A Arquidiocese de Braga pode orgulhar-se de ter entre os seus pastores grandes homens que muito fizeram pela qualidade e pureza da música litúrgica. São Marinho de Dume, no século VI, fez da reforma do canto litúrgico uma das grandes prioridades da sua ação pastoral. Assim, no primeiro Concílio de Braga (561-563), no qual São Martinho tomou parte ainda como bispo de Dume, os Cânones 11 e 12 indicam claramente que se deviam banir do canto litúrgico as mundanidades quer no que respeita à indumentária dos executantes quer quanto ao conteúdo dos textos. A este respeito, o Cânon 12 determina que tudo o que se cantar na igreja seja apenas tirado do livro dos Salmos ou dos restantes livros do Antigo e Novo Testamento.

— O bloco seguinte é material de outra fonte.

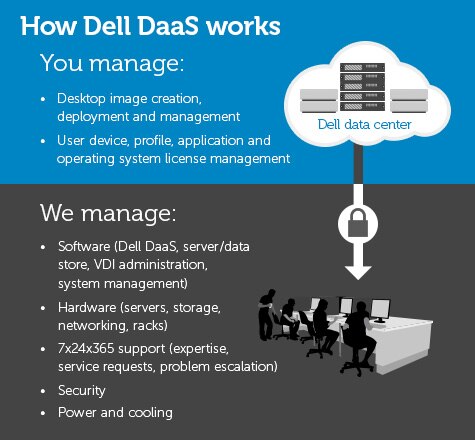 DVS Simplified DaaS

Apesar de São Frutuoso, bispo de Braga no século VII, não ter escrito nada no que refere à música litúrgica, o seu biógrafo indica que ele teria recebido a sua educação de Conâncio, bispo de Palência. Este bispo visigodo é referido por Santo Ildefonso no seu De viribus illustribus como sendo um dos grandes músicos do seu tempo, versado em escrita poética e música sagrada; reformador do canto eclesiástico, tendo deixado escritas numerosas melodias e um livro de orações.

São Geraldo, arcebispo de Braga entre 1096 e 1108, foi chantre de Moissac e, consequentemente, tinha a responsabilidade de assegurar o canto e a formação dos noviços desta grande abadia clunicense. É, portanto, natural que, depois de ter trabalhado junto do bispo de Toledo também como chantre, São Geraldo tivesse enriquecido a Arquidiocese de Braga com toda a sua experiência e saber no canto eclesiástico.

Na ação reformadora de São Bartolomeu dos Mártires, temos algumas referências à música litúrgica. É indicado o estado deplorável em que se encontrava o canto litúrgico mesmo em igrejas que deviam ser exemplares. Assim, por exemplo, é referido que na Colegiada de Nossa Senhora da Oliveira o latim era tão maltratado que São Bartolomeu teve de impor uma melhor preparação do Ofício Coral. Na sua célebre visitação ao Cabido da Sé de Braga, ele faz várias observações visando melhorar a qualidade do Ofício Coral zelando pela “honestidade das vozes e dos cantores”. No programa formativo do Seminário de São Pedro, fundado pelo Santo Arcebispo, o canto e a música eram disciplinas obrigatórias e os requisitos eram tão elevados que foi aconselhado a São Bartolomeu dos Mártires que os baixasse um pouco, para que, por esse critério, não fossem afastados demasiados candidatos ao sacerdócio. Mas, sem dúvida, a sua mais bela referência musical encontra-se no primeiro capítulo da segunda parte do Estímulo dos pastores quando ele compara os pastores a “Rouxinóis de Deus”: “Oh! Sejamos rouxinóis de Deus, não sejamos mais do que a voz de Deus.” Ele inscreve-se assim na grande tradição bíblica do chamado sacrifício dos lábios: a confissão do Nome de Deus e a jubilação do canto de louvor. Os profetas consideravam o sacrifício dos lábios, outro nome para o canto litúrgico, bem superior aos sacrifícios sangrentos do Templo de Jerusalém (Jer 33, 11; Os 14, 2; Heb 13, 15).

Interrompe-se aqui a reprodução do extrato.